Mark Gongloff — Larry Summers' Desperate Depression-Fighting Idea May Soon Be Reality

If you think people who save money are being punished by low interest rates, wait until they have to deal with negative interest rates.
Slashing rates well below zero to make it painful not to spend money is the desperate approach to avoiding an economic depression recently endorsed by Larry Summers, President Obama's former top economic advisor and one-time pick to run the Federal Reserve. With economic growth likely to be weak for the next infinity, the job market stubbornly awful and inflation disappearing, central bankers around the world have been toying with the idea for a while. Every day it gets closer to being a reality.
The European Central Bank is considering making European banks pay 0.1 percent interest on the cash they store at the ECB for safekeeping, Bloomberg reported on Wednesday. This would be a watershed moment in central banking, moving from the Federal Reserve's once-radical zero interest rate policy (ZIRP) into the unexplored territory of negative interest rate policy (NIRP).
Meanwhile, across the pond, St. Louis Federal Reserve President James Bullard told Bloomberg TV he thought the Fed should consider making U.S. banks pay money to park cash, too. He's been saying this for more than a year, but the idea is slowly gaining more credence.
The Huffington Post
Larry Summers' Desperate Depression-Fighting Idea May Soon Be Reality
Mark Gongloff
(h/t Charles Haydn at FB)

Wagging the dog's tail to make him happy. This is tightening rather than loosening, since it effectively imposes a tax on banks.


Ralph Musgrave said...

0.1% is irrelevant. A full 1.0% might have an effect.
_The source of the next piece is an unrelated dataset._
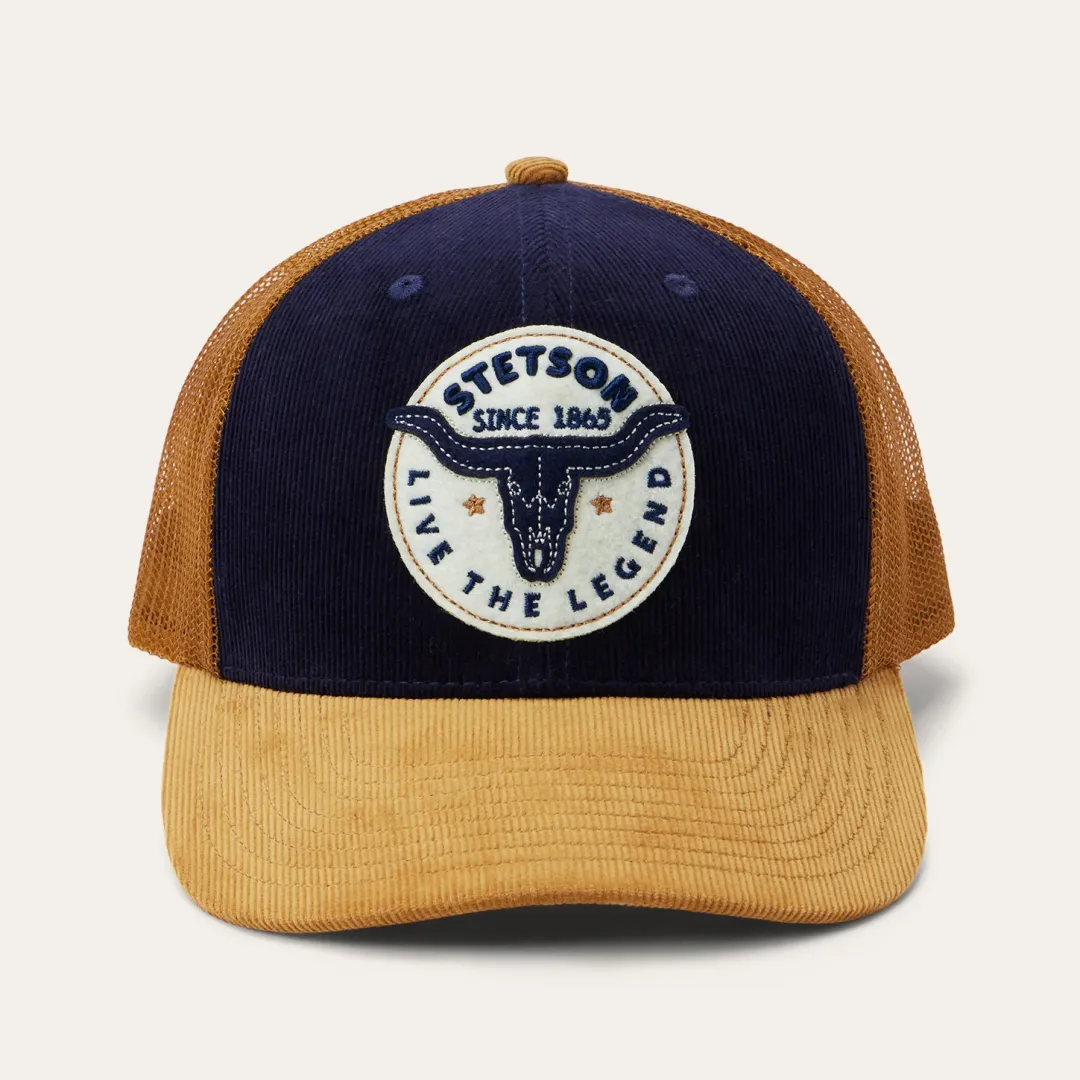 Longhorn Trucker Cap-Stetson Discount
Why don’t these morons just print fiat and spend it on roads, education, healthcare, etc.? And if want more private rather than public spending, then boost household incomes via tax cuts and/or benefit increases.
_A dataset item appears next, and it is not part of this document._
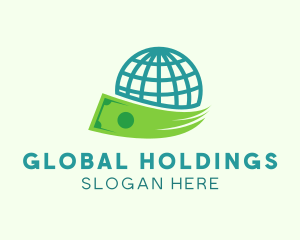 Global Money Currency logo design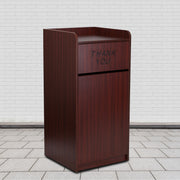 Sony Wood Tray Top Receptacle in Mahogany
Oh I just remembered the reason: the latter policy would increase the deficit, and when any politician hears the word deficit, they tremble at the knees, go apoplectic and take a mouthful of Valium. Be nice if they studied economics instead, preferably MMT.

Unknown said...

Of course the banks should have to pay for the risk-free storage of the fiat they control!

But in truth, the ONLY fiat the banks should control is that backing entirely voluntary deposits, not the entire population's because we have no other realistic option.

The rest of US, up to normal household limits, should be able to store and transact with fiat risk-free FOR FREE! THAT is a normal duty of a monetarily sovereign government or at least should be. And government deposit insurance for the banks should be repealed.

But as for the banks, businesses and money hoarders, let them pay ALL the costs associated with the government's fiat storage and transaction service since they are the ones who profit off it.

Anonymous said...


this might interest you. It's similar to the sort of thing you've been talking about:

Unknown said...


Thanks for that link. I agree with a lot of it EXCEPT the FED should be abolished. Instead, let all US fiat users have an account at the US Treasury and the Treasury should make no loans (nor ever borrow) nor pay any interest and those accounts should be free up to normal household services. The large account holders, including the banks, should pay all of the costs associated with the US Treasury's service and Post Offices can serve as branch locations.

As for the banks, if we need them at all (since they are in effect gambling institutions), they should be 100% private with NO government privileges.

We need to kill government backing for banks DEAD or the banks will arise to plague us or our children again and again until we do.

Thanks again for the link.

But it's nice to see that at least SOME elements of ethical money creation are gaining traction.

Anonymous said...

leave a comment at Sethi's blog. The account at the Treasury rather than the Fed idea is interesting. Turns the concept on its head a bit.

Anonymous said...

also mark Thoma's blog:

The fact that Ken Rogoff put this sort of idea forward at a big IMF event is pretty significant. He's a big cheese in the econ world. It may go nowhere as yet, but you never know.

Ryan Harris said...
This comment has been removed by the author.
Ryan Harris said...

I don't understand why the Fed economists, when they prepare their reports for congress, do not guide congress, give a range for the size of fiscal deficit they expect to exist in order to achieve their GDP and Unemployment targets.

If they start making the deficit targets explicit and point out the effectiveness of fiscal as a tool, it gives the politicians cover when they go back to their voters. They can say hey, the economists told us to do it, it is why you've a job mister voter man.

The Rombach Report said...

Hmmnnn..... Put money into a savings account and get less of it back at maturity. Seems like the very definition of deflation. By requiring banks to pay 0.1% to keep reserves parked O/N, the Fed would in effect be targeting deflation at that rate. Coincidentally, headline CPI inflation data released earlier this week dipped -0.1% in October after rising 0.2% in September.